▶ [What is expected]
With pictures excluded, retype exactly every line from the one containing "NWT fast as light singlet" to the end of the records below.
* * *
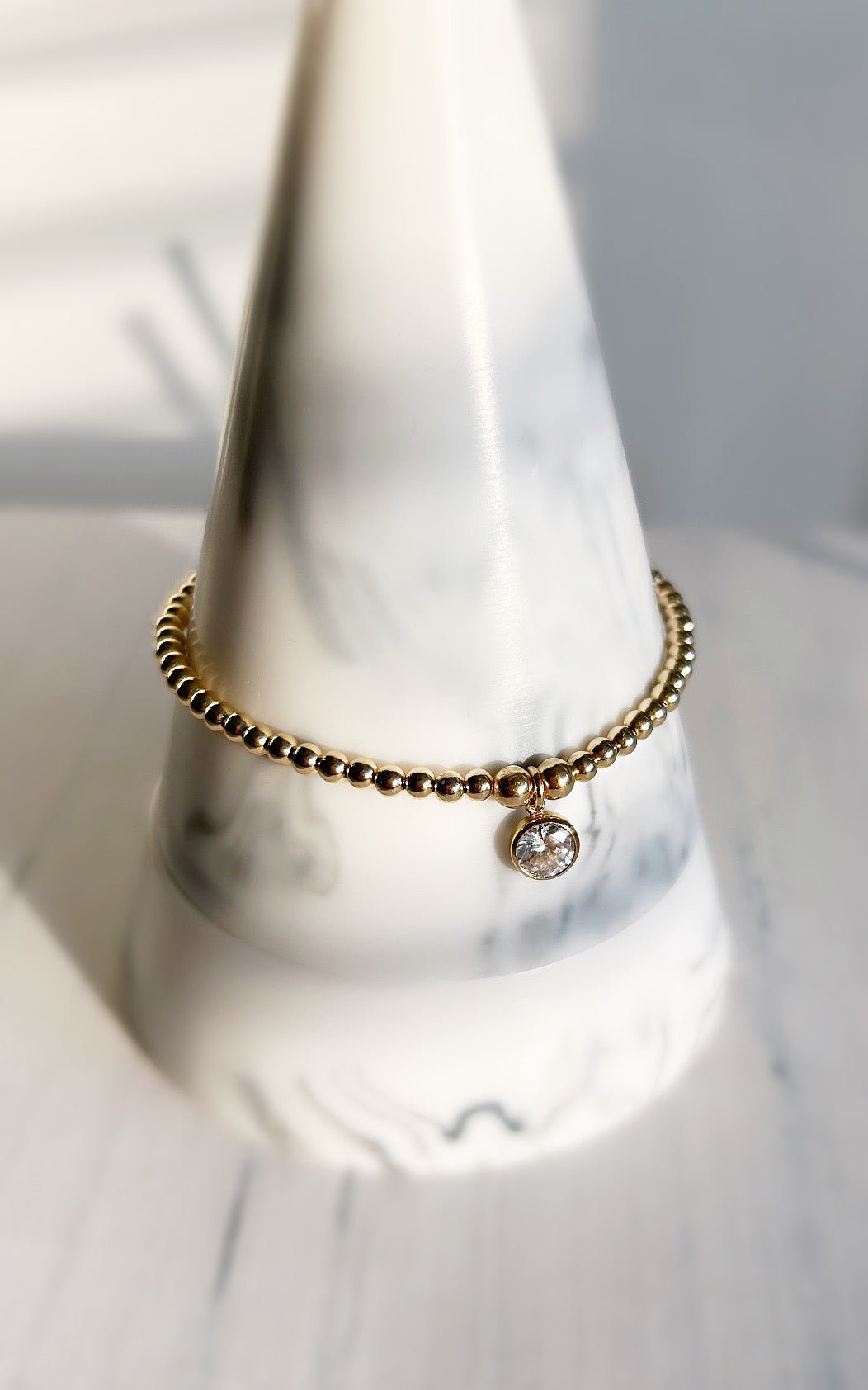 Beautiful crystal gemstone bracelets, perfect for stacking! Choose from either - Sterling Silver or a Gold Filled finish with a sparkling Cubic Zirconia charm.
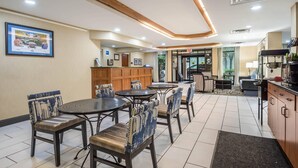 A hotel lobby with a reception desk, seating area with tables and chairs, and a view of the outside.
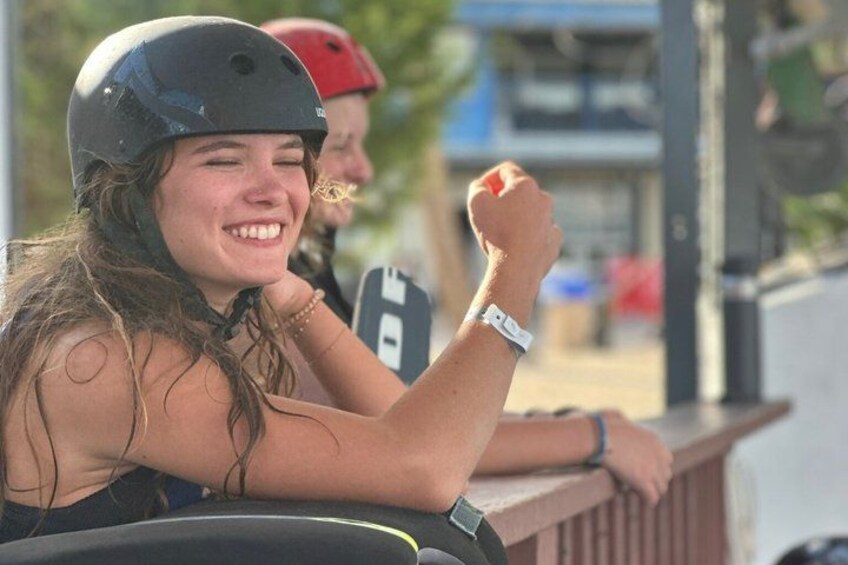 A person wearing a helmet and a watch, sitting outdoors. 5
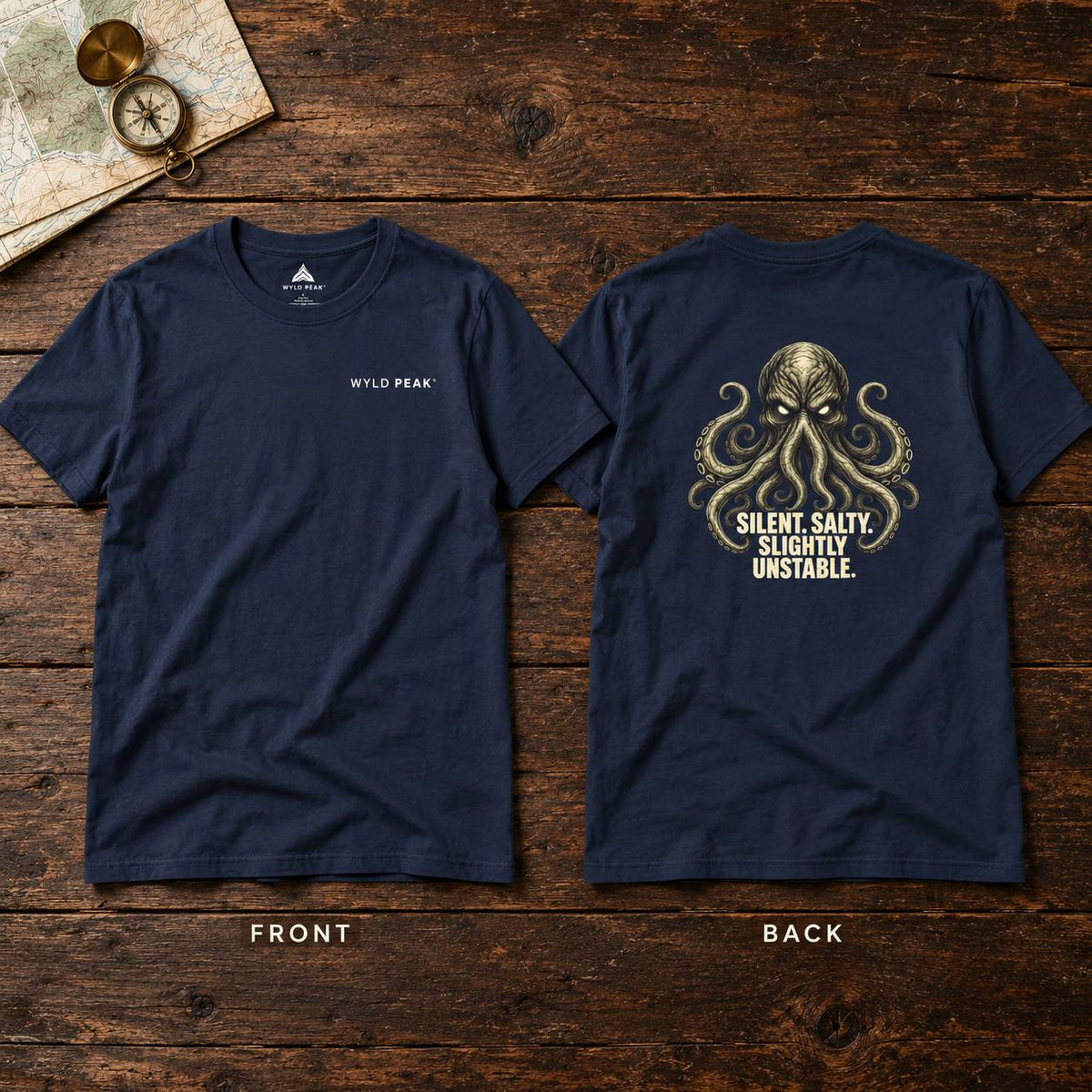 Front and back views of a navy blue t-shirt displayed on a rustic dark wood background. The front features a small white 'WYLD PEAK' logo on the left chest, while the back displays a large gold-toned octopus graphic with the text 'SILENT, SALTY, SLIGHTLY UNSTABLE.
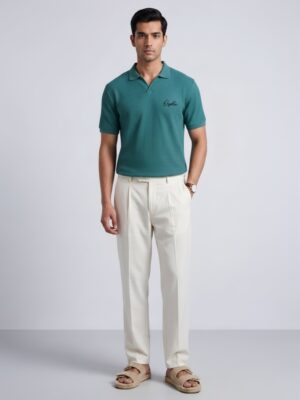 Model wearing Orphic men's teal waffle-knit polo with open collar, front view with cream trousers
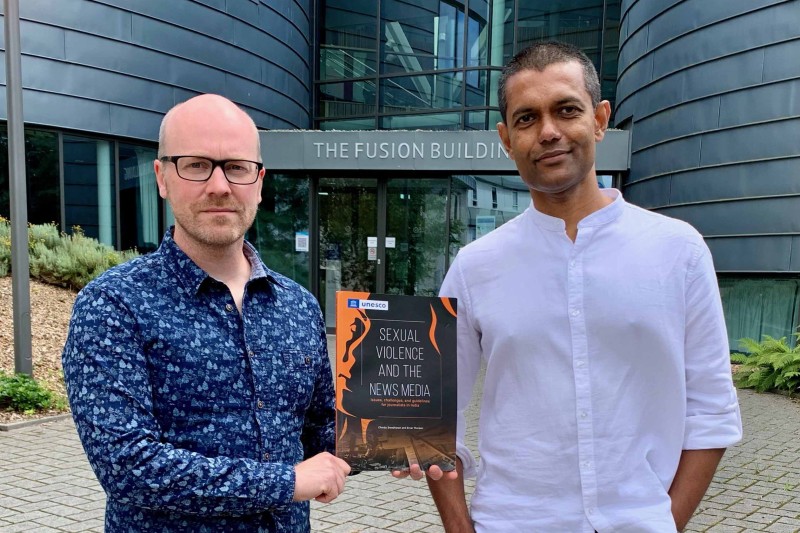 A photo of Einar and Chindhu outside the Fusion Building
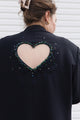 A woman shown from behind wearing a black jacket with a large heart-shaped cutout on the back, embellished with a border of multicolored rhinestones and beads.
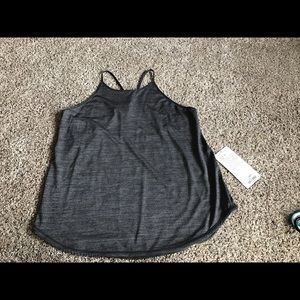 NWT fast as light singlet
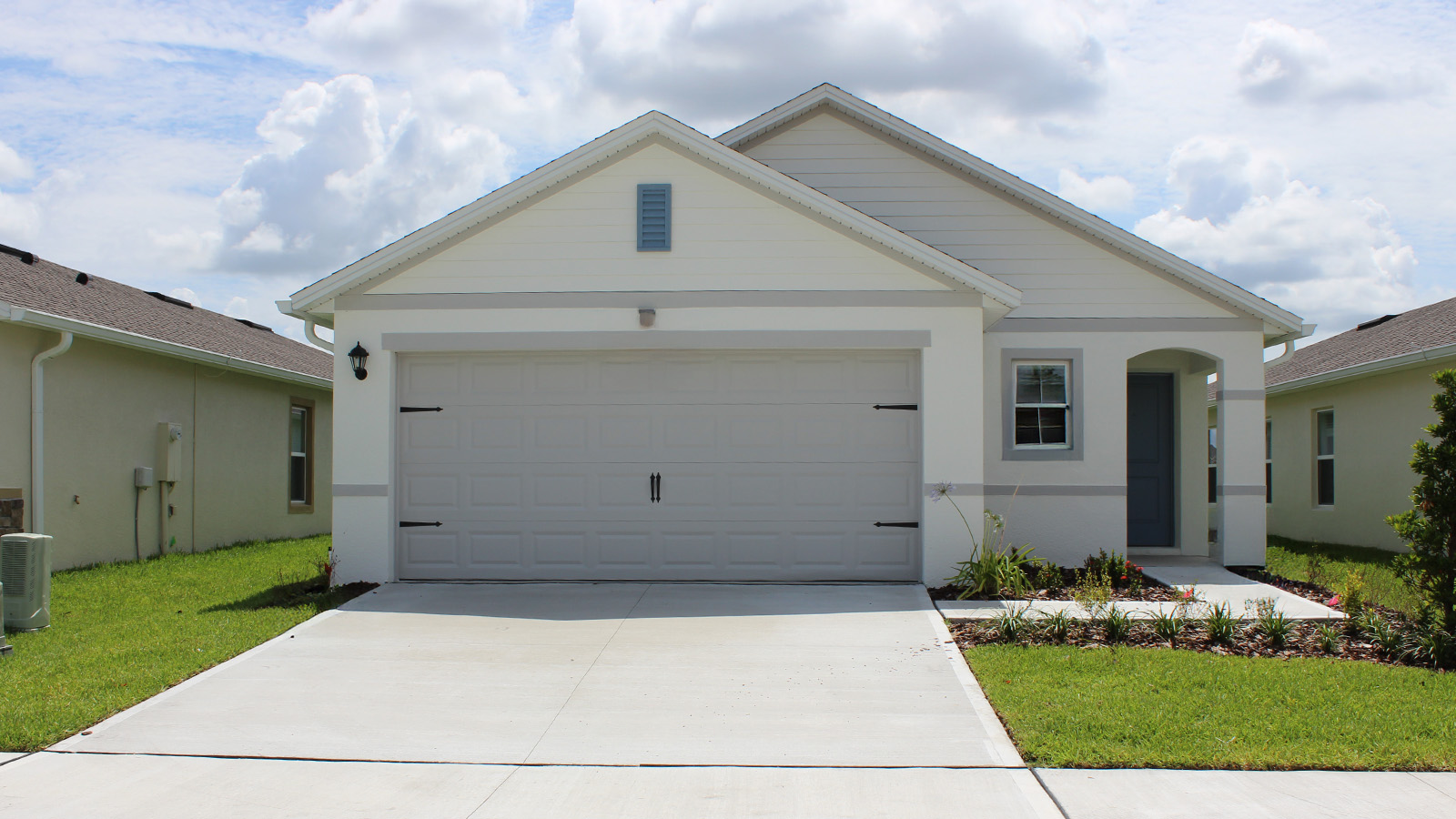 Exterior single family home with two car garage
* * *
▶ [Output]
 NWT fast as light singlet
 Exterior single family home with two car garage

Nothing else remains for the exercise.